To do: What follows is a set of records. Copy them exactly and leave out the images.

Data:
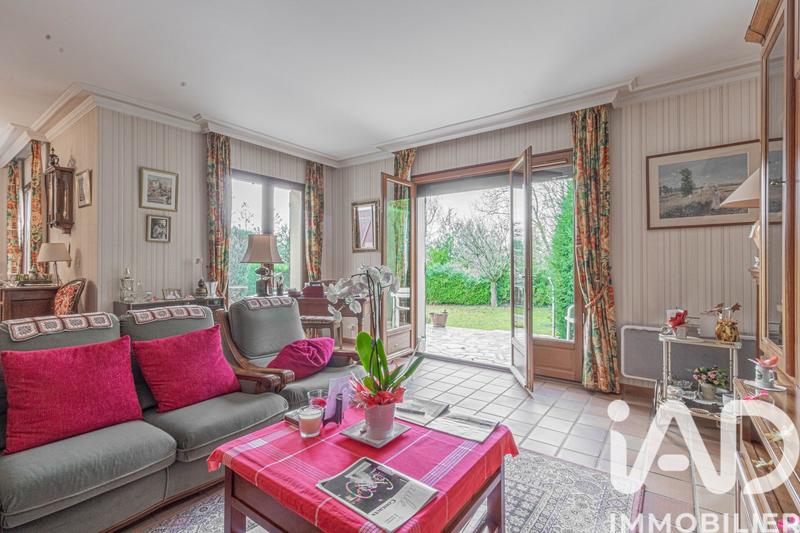 Maison - 200 m² - 7 pièces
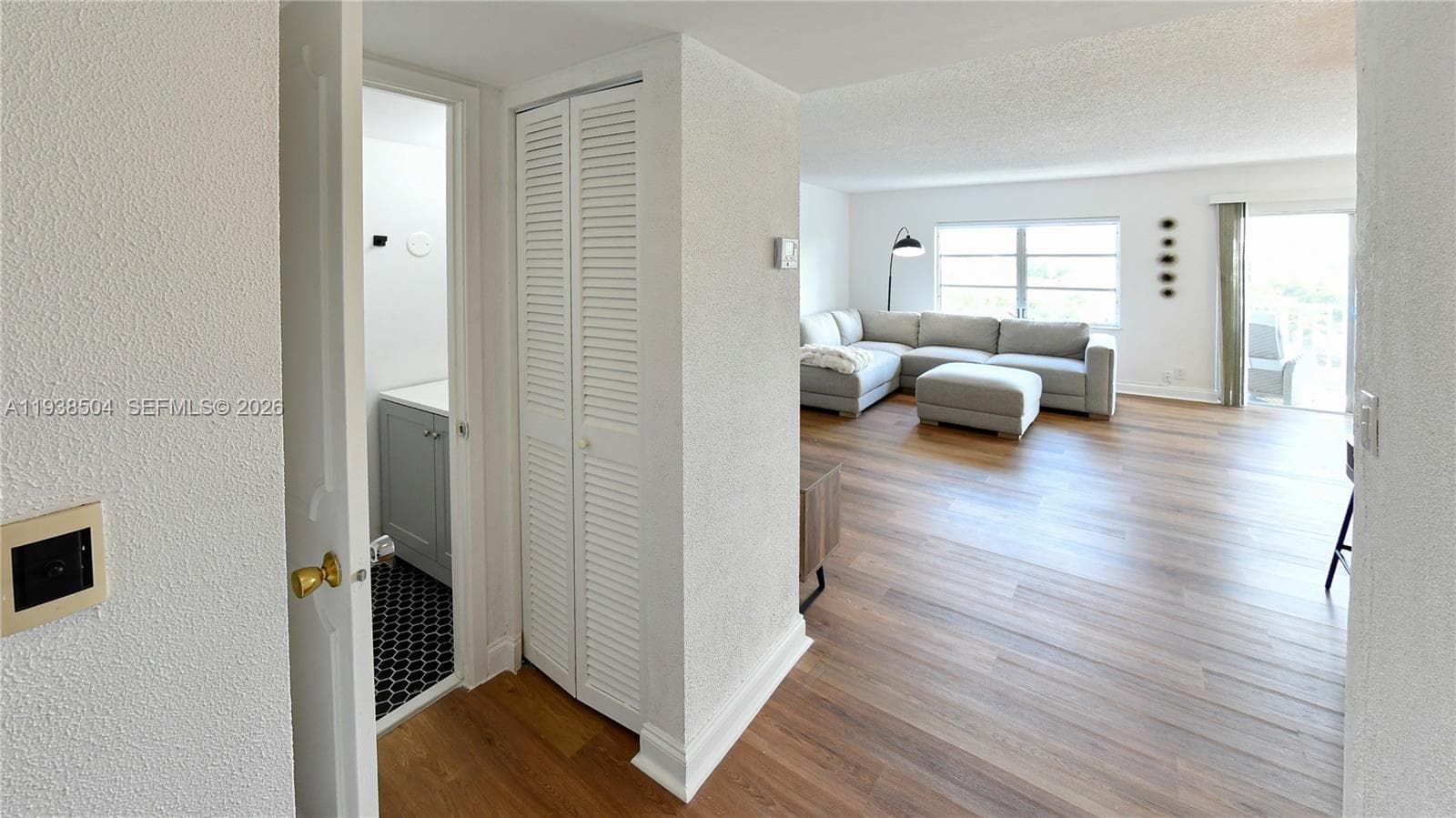 FAIRWAYS RIVIERA CONDO · #626 in Hallandale Beach - Photo 5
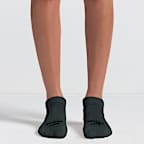 Calcetines al tobillo NikeSKIMS Dri-FIT para mujer (3 pares)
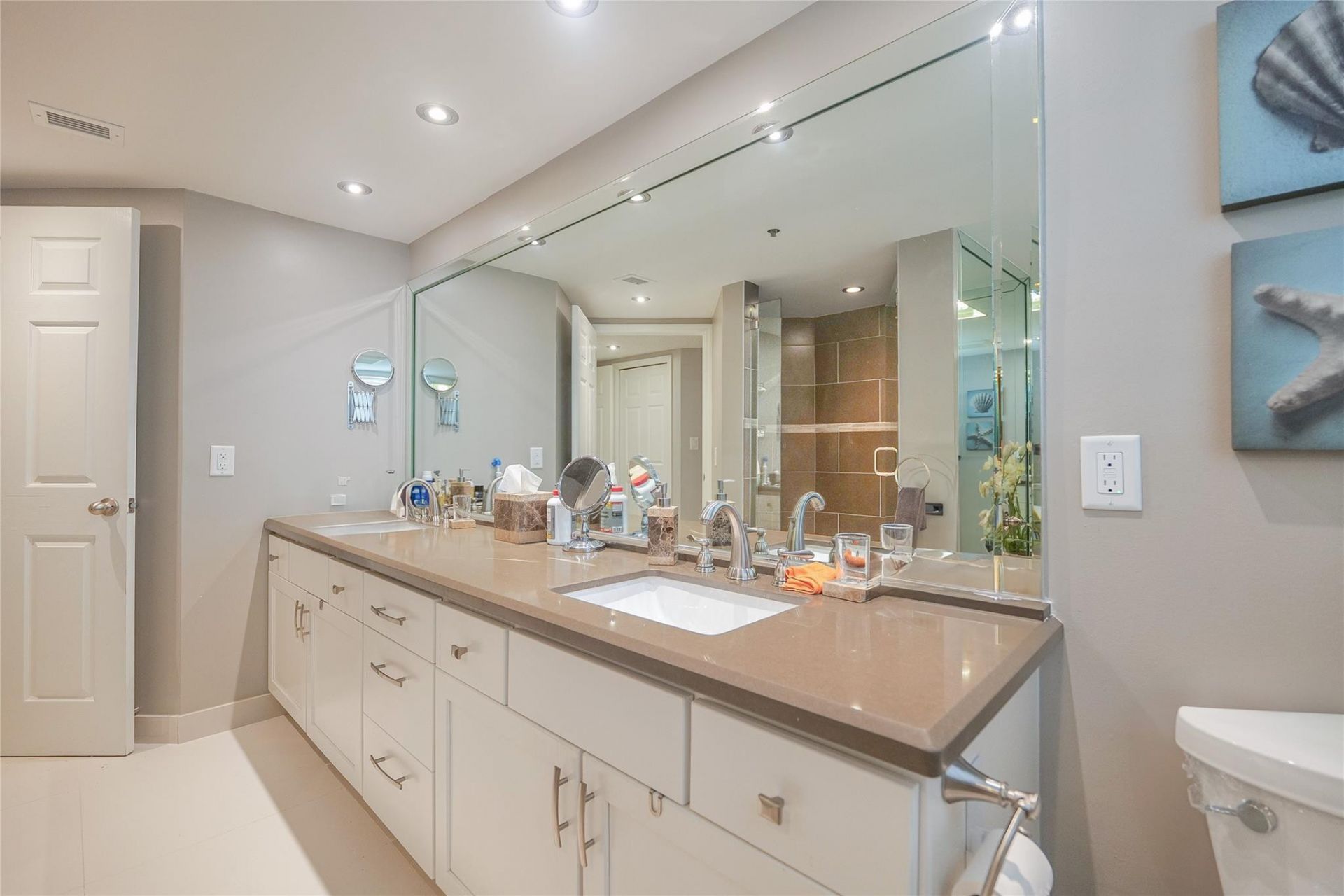 7300 Radice Court, Unit 303, Lauderhill, FL 33319 Photo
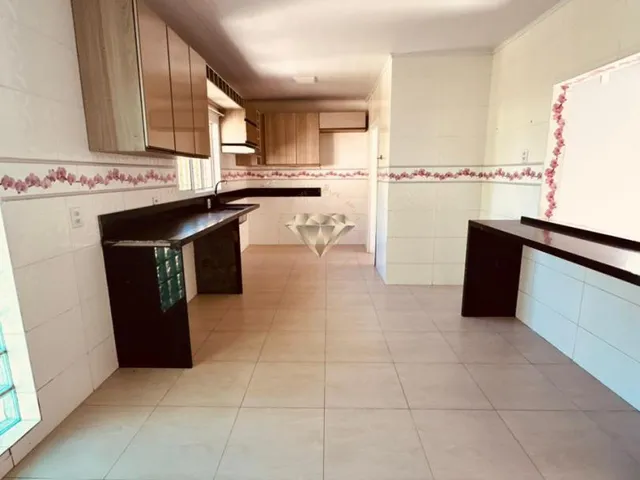 Imagem 2: Casa à venda em Novo Esteio, Esteio - Com Quintal e Varanda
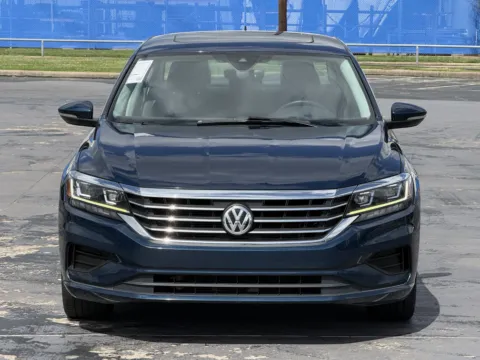 More photos of 2022 Volkswagen Passat 2.0T SE at Auto Boutique Texas, TX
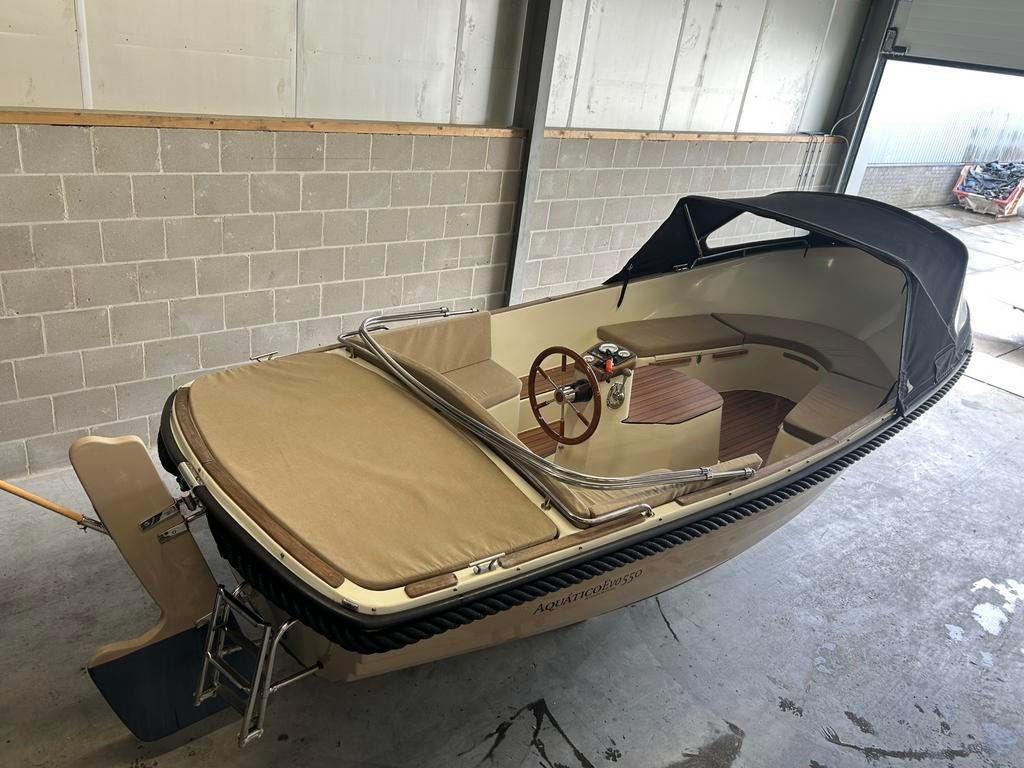Tekoop: aquatico evo 550 , 2 cil sole diesel , weekendkap, Ophalen, 10 tot 30 pk, Binnenboordmotor, 6 meter of meer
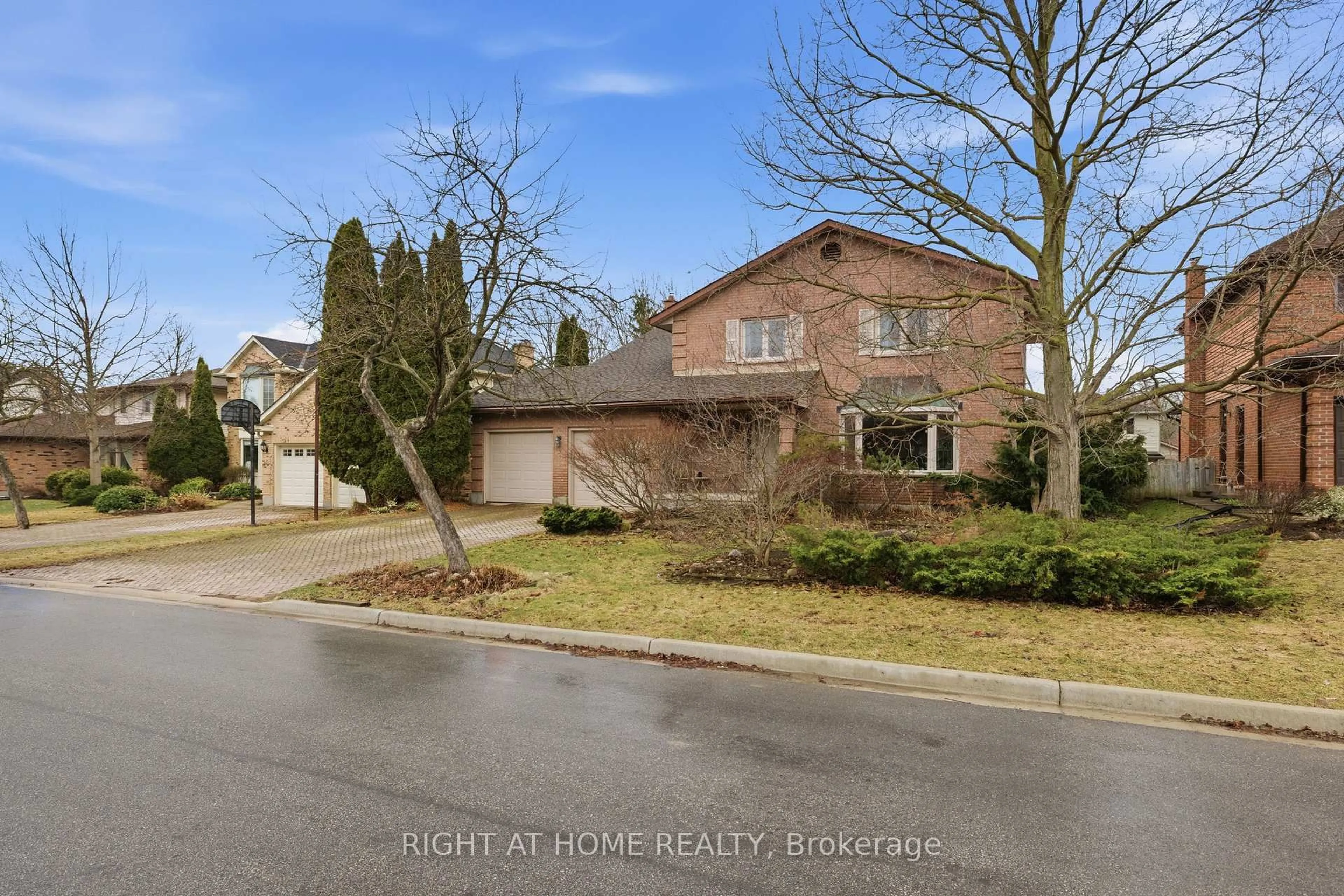 A pic from outside/outdoor area/front of a property/back of a property/a pic from drone, street for 495 JEFFREYBROOK Clse, London North Ontario N5X 2S5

Output:
 Maison - 200 m² - 7 pièces
 FAIRWAYS RIVIERA CONDO · #626 in Hallandale Beach - Photo 5
 Calcetines al tobillo NikeSKIMS Dri-FIT para mujer (3 pares)
 7300 Radice Court, Unit 303, Lauderhill, FL 33319 Photo
 Imagem 2: Casa à venda em Novo Esteio, Esteio - Com Quintal e Varanda
 More photos of 2022 Volkswagen Passat 2.0T SE at Auto Boutique Texas, TX
Tekoop: aquatico evo 550 , 2 cil sole diesel , weekendkap, Ophalen, 10 tot 30 pk, Binnenboordmotor, 6 meter of meer
 A pic from outside/outdoor area/front of a property/back of a property/a pic from drone, street for 495 JEFFREYBROOK Clse, London North Ontario N5X 2S5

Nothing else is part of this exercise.